Describe your current stage rig…

My first gig? One of my teachers took me with him to a giant spaghetti dinner. We strolled up and down playing famous Italian folk songs

“I’ve been using Takamine acoustic guitars and I go through a series of foot pedals featuring chorus, compression, some delay pedals and sometimes a POG - I use the simpler version that just has three dials on it - lows, highs and volumes.

“I use an overdrive, a Barber Burn Unit; it gives you two different settings for overdrive and I’m going to run my Stratocaster through the same rig - I’m going to play some electric on the upcoming tour - and A/B it back and forth just for simplicity.

“With The E Street Band I use a similar rig, more advanced with foot pedals and presets and all that, and I run those through Fuchs amps with 2x12 inch cabinets, designed by Buzzy Feiten. A lot of the time, for gigs around town, I’ll use a Blues Junior and I’ve just recently got a Fuchs combo amp I’ll bring with me to England with me on this upcoming tour.”

What’s your best tip for getting a good live sound?

“Have a guitar that you love the sound of and plays well. Today, there are so many amps out there; I tend to like the type that have two volumes and a gain control so that if you want a saturated sound you can push the amp a little bit.

“If you’re playing a little coffee house in front of 80 people you don’t want to blow everyone out of the room. So something like that at least gives you the freedom to play around with a couple of different volumes, get the saturation you like but set the master volume for the room you’re in.”

What non-musical item couldn’t you do without on tour?

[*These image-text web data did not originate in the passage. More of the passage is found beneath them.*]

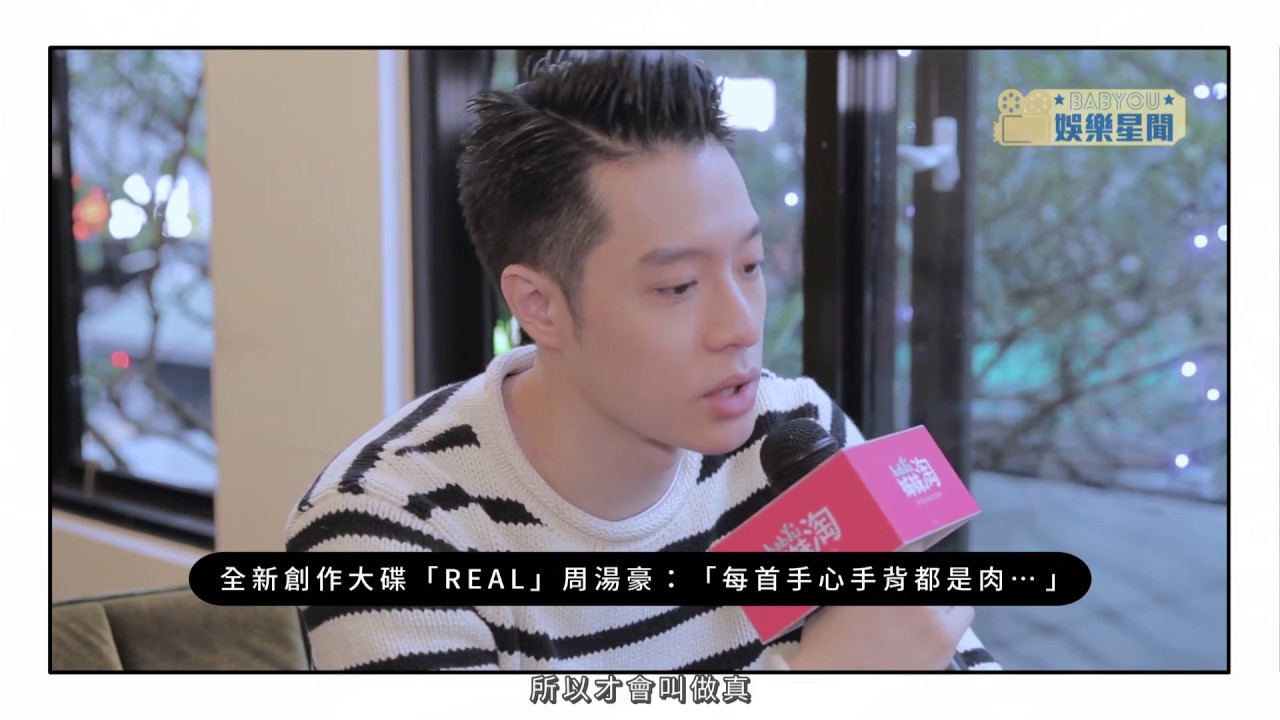 「人帥真好！」做什麼都應該的？周湯豪：「就這四字推翻了所有努力...」(上)| 姊妹淘babyou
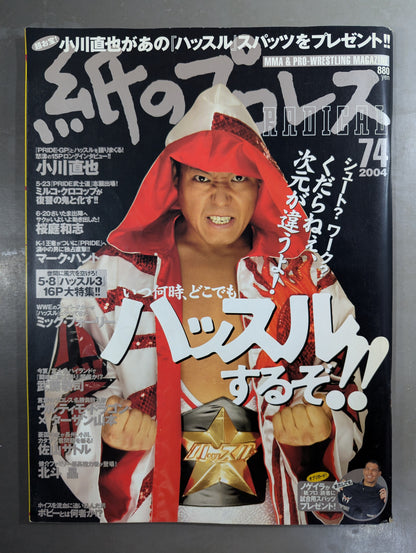 paper Pro Wrestling RADICAL74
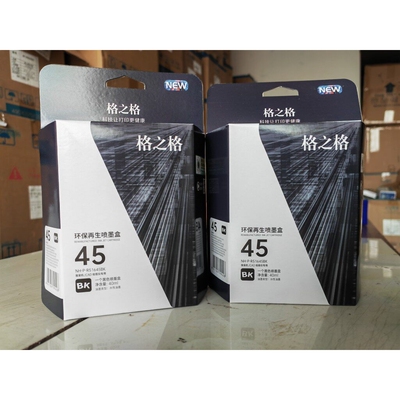 格之格51645墨盒适用HP45A CAD绘图仪服装机油性唛架机打码机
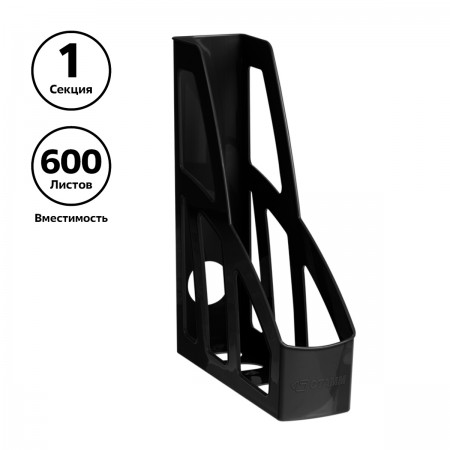 Лоток для бумаг вертикальный СТАММ &quot;Лидер&quot;, черный, ширина 75мм 351523 ЛТВ-30450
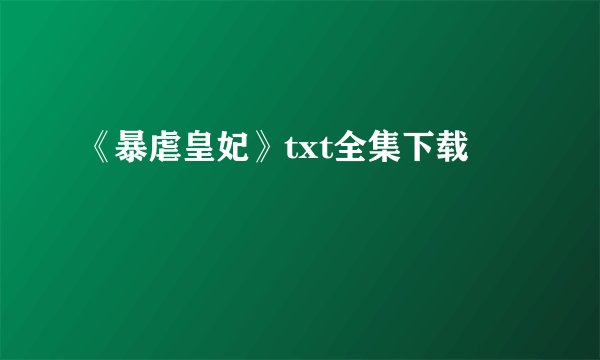 《暴虐皇妃》txt全集下载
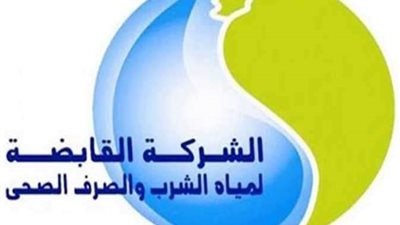 القابضة لمياه الشرب تصدر بيان هام لأهالي محافظة الجيزة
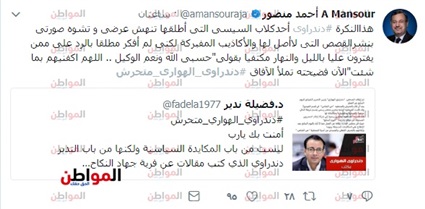 تغريدة أحمد منصور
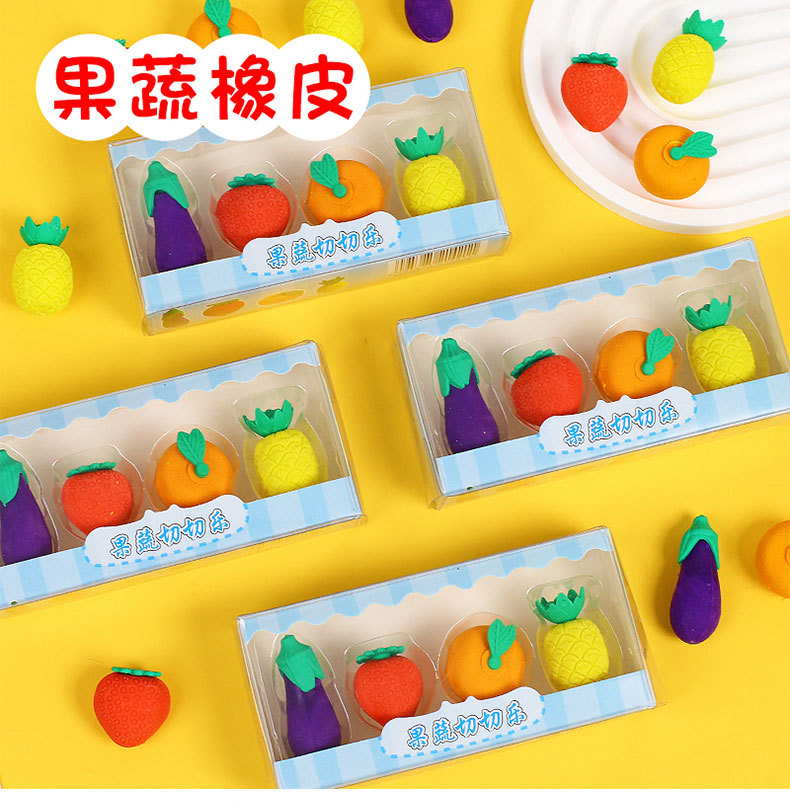  仿真蔬果橡皮擦組 水果蔬菜 造型橡皮擦 兒童節 禮物 文具 學生用品  0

“I would say my notebook and pencil. My notebook has an enormous amount of information on songs I want to play, lyrics for the shows that I’ve forgotten… I’m also working on a new album that I hope to have done by the end of the year. So it’s not really musical, but it’s a critical item.”

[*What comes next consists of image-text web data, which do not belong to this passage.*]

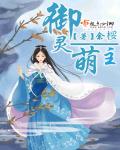 [刀剑乱舞]照夜无声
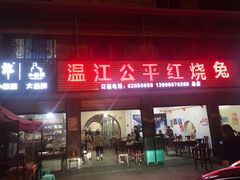 -温江公平红烧兔(总店)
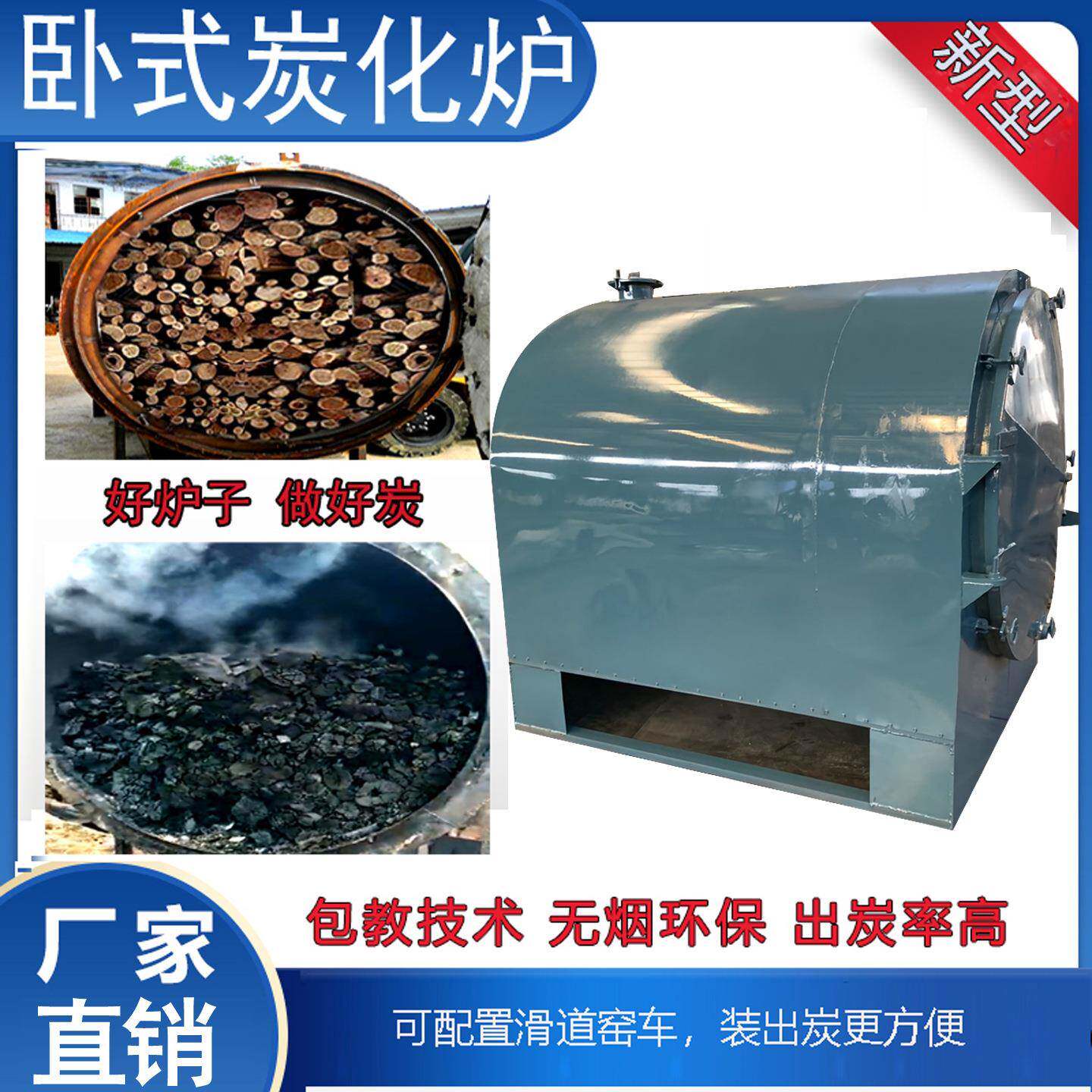 木炭机制炭机设备小型原木木材制炭炉全套自制烧炭机器烧木炭设备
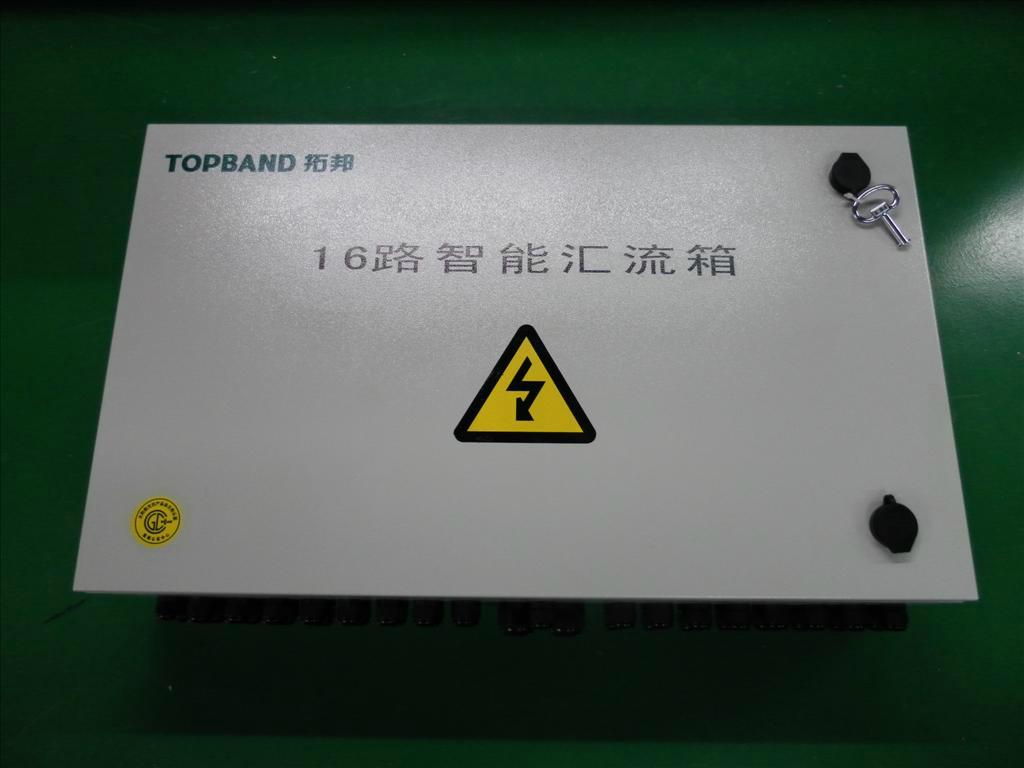 光伏匯流箱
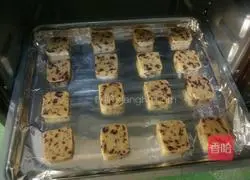 Illustration of how to make cranberry cookies 7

(Image credit: Kevin Mazur / Getty)

What’s your best tip for getting the audience on your side?

“When I walk out in front of an audience I like to arrange the early part of the set with songs I think might be familiar. I try to rearrange the songs a bit so they’re engaging for me, but I hang onto the core of the song so that they’re recognisable and I don’t aggravate the audience.

“In the last decade or so, my wife Amy has encouraged me to start telling more stories which, even though I used not to like to do that because it breaks up the music, I’ve found that I’ve wound up with quite a few interesting stories, and so I try to throw one or two of those in there. The energy I get from the audience - and the more I keep them on my side and enjoying the night - the better it is for me to let the music grow the night into something special.”

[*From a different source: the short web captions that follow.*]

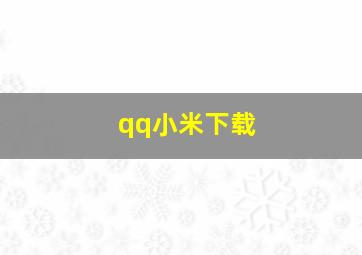 qq小米下载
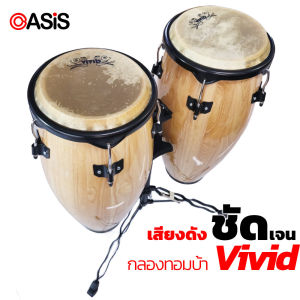 [รวมVAT] กลองทอมบ้า VIVID พร้อมขาตั้ง ขนาด10-11นิ้ว ทำจากไม้แท้ (ดังชัดเจน !! ดังทั้งซอย) สีไม้ กลองทอม Conga กลองคองก้า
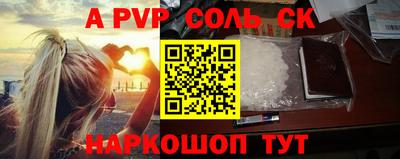 ешки Владивосток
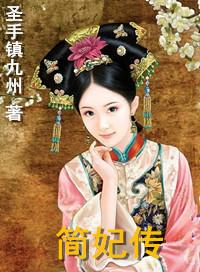简妃传免费阅读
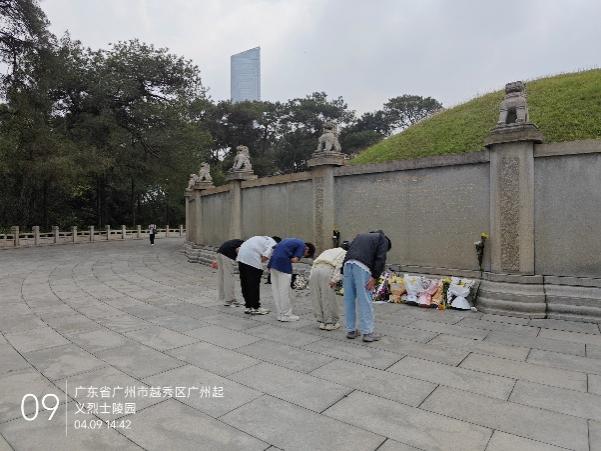 图片 4 图片 4
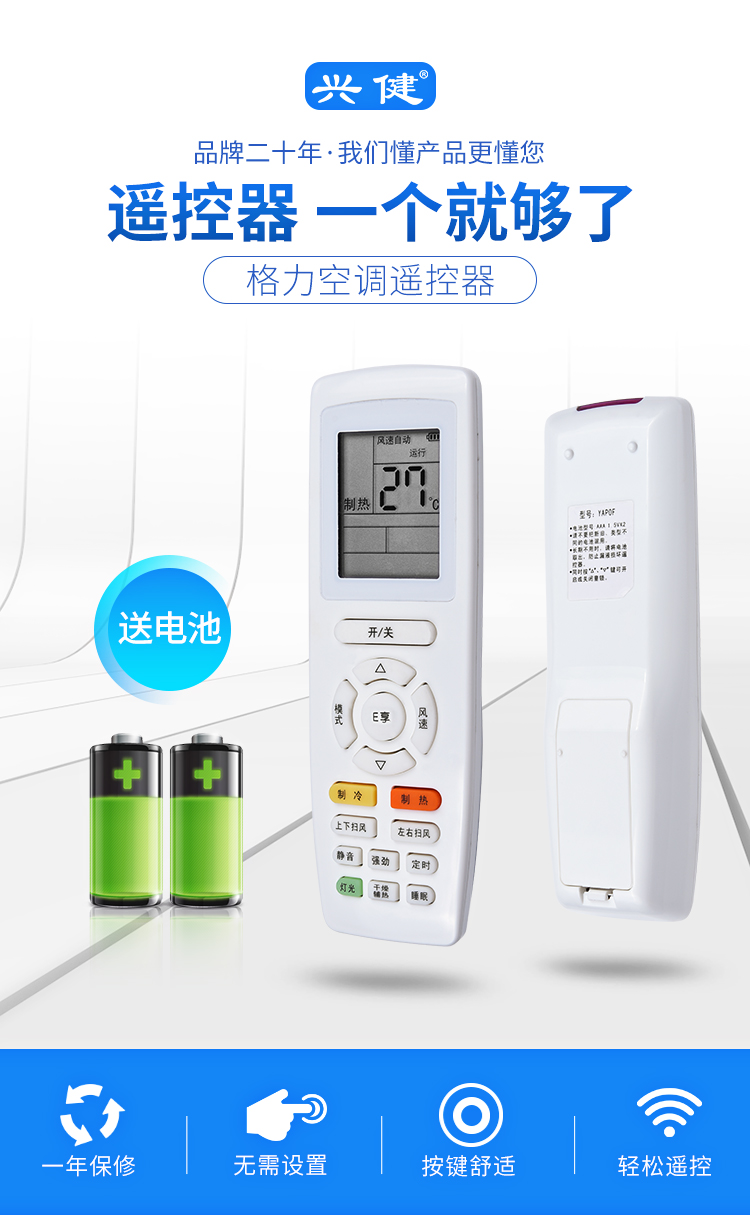 格力空调遥控器悦雅kf50lw50391nhaa3品悦kfr23gw23592nhaa3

What’s the worst journey you’ve had either to or from a gig?

We were in danger of missing the show because of a traffic jam. We got so panicked that we started climbing on the roofs of the cars

“In '83, I believe, we were doing a stadium tour with Neil Young and the Trans band. We were touring in Rome and Ralph Molina, the drummer, and I headed out mid-afternoon to do some homework and get ready for the gig. Very long story short, we came to realise that, because of a traffic jam, which we didn’t realise at the time was the Pope crossing town, we were in danger of missing the show.

“So we actually got out of the taxi - we could see the venue miles in the distance - and decided to walk. After a while we realised that the traffic jam was so severe that there were places where you couldn’t even walk between the cars and it got to the point where we got so desperate, hot, sweaty and panicked that we started climbing on the roofs of the cars, hopping from roof to roof for probably the better part of a mile just to get to a point where we could find pavement to walk on to get to the actual venue.

“We showed up aggravated, sweaty, we looked horrible, we were completely upset and not in good shape - but we made the gig.”

What’s the nearest you’ve come to a Spinal Tap moment on tour?

“There’s been a lot of those! Just recently on The River tour with The E Street Band there were a couple of large venues where we would get lost on the way to the stage, and it was funny because it’s a big-time organisation, everyone’s supposed to know where they’re going - and in general they all do - but there were a couple of times when we’d get lost on the way to the stage.”

What’s your favourite live album?

“That’s a good one… Someone gave me an old album of James Brown Live At The Apollo; if I had to grab a live album to put on, it might be that one.”

Nils Lofgren starts a major solo tour in the UK in October 2018.